You’ll join a team that keeps business-critical telephony and communication services running with 99.999% availability. We need someone who not only reacts to incidents but also anticipates them — who improves systems, automates routine tasks, and helps shape how the team works.
Responsibilities
- Support and maintain Linux-based servers and telephony services in production.
- Investigate and resolve incidents in a high-load, distributed environment.
- Participate in on-call shifts and ensure the stability of systems under strict SLAs.
- Analyze service performance, reliability, and architecture bottlenecks; propose improvements.
- Work with development teams to safely deliver and validate changes before production deployment.
- Contribute ideas and help evolve team processes, automation, and monitoring practices.
Requirements
- Strong experience with UNIX/Linux systems and using the CLI for troubleshooting.
- Good understanding of networking protocols and SIP.
- Strong hands-on experience with Kubernetes (k8s) and containerized environments.
- Proven track record of working in production environments, with a careful and methodical approach to changes (testing before deployment, rollback planning, risk mitigation).
- Understanding of high-availability systems, fault tolerance, and performance optimization.
- Experience automating tasks with Python, Golang, or Shell scripts.
- Mindset of an SRE: you treat operations as an engineering discipline and continuously look for ways to make systems more reliable and efficient.
- Good command of English (B2 or higher) — ability to communicate effectively with distributed international teams (both written and spoken).
Would be a plus
- Deep expertise in one or more areas (please highlight your strengths in your application).

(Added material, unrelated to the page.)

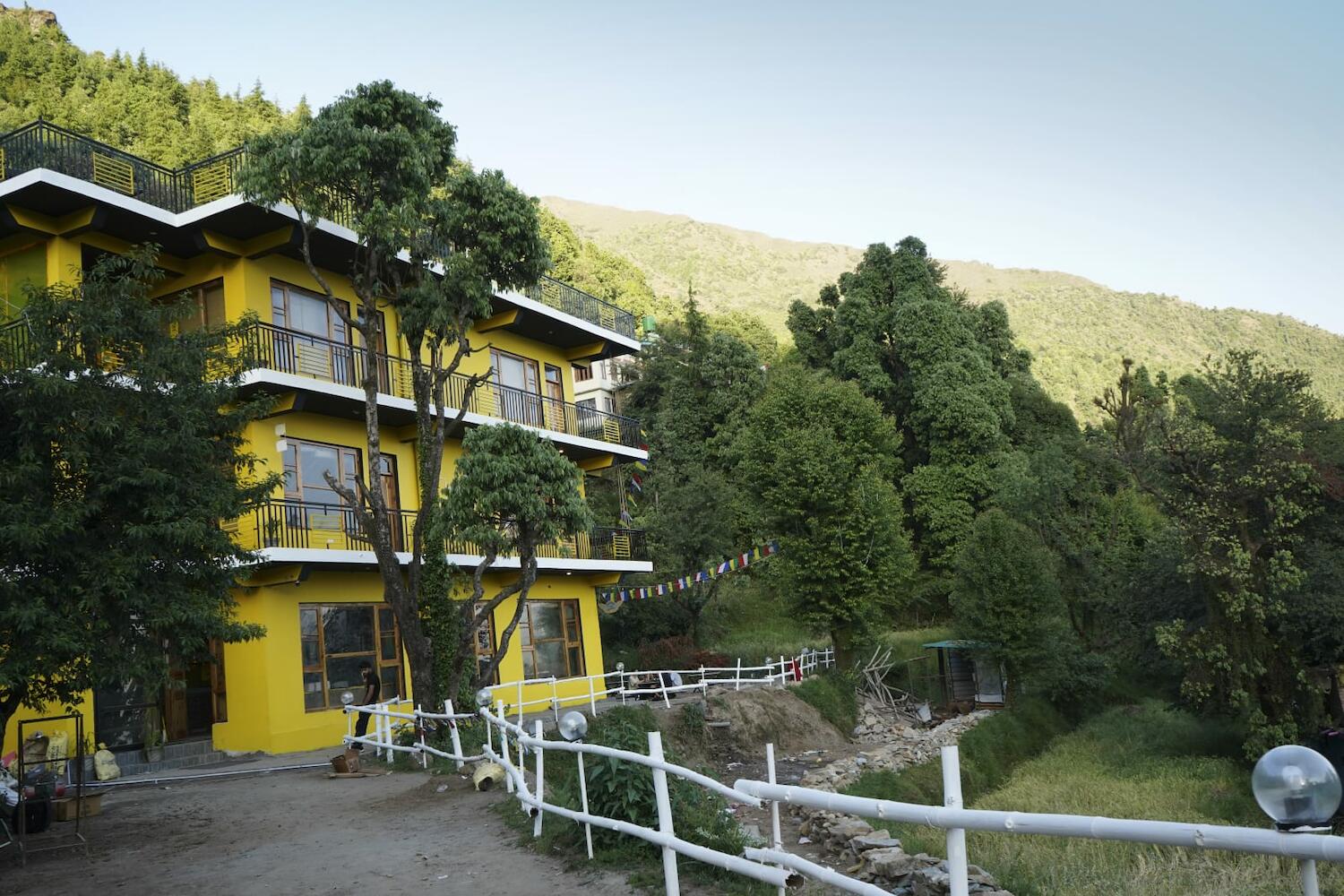 The Hosteller Mcleodganj, Upper Bhagsu, McLeod Ganj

- Hands-on experience with Kamailio, Apache Kafka, Nginx, ZeroMQ.
- Experience with AWS/EKS, Terraform, and Ansible for deployment and infrastructure automation.
- Experience with CI/CD pipelines (e.g., GitLab CI, Jenkins, ArgoCD)
- Knowledge of monitoring stacks like Zabbix, TICK, ELK, Grafana.
What you’ll get
- Work in a strong, experienced SRE team that maintains global infrastructure across multiple regions.
- Hands-on experience debugging Java and C++ applications in large distributed systems (Kafka, Zookeeper, Kamailio, Nginx, etc.).
- Opportunity to influence how the team works — your ideas for tools, automation, or process improvements will be heard and implemented.
- Real experience achieving five-nines availability (99.999%) in production.
- Continuous learning, complex technical challenges, and a supportive environment.
We offer:
- Well-coordinated professional team
- Cutting edge technologies, interesting and challenging tasks, dynamic project, great opportunities for self-realization, professional and career growth
- Additional Health and Life Insurance Package
- Employee Assistance Program
- 25 vacation days
- ReBenefit Platform Account.
- This role requires on-site presence at our office 4 days a week to support effective collaboration and teamwork.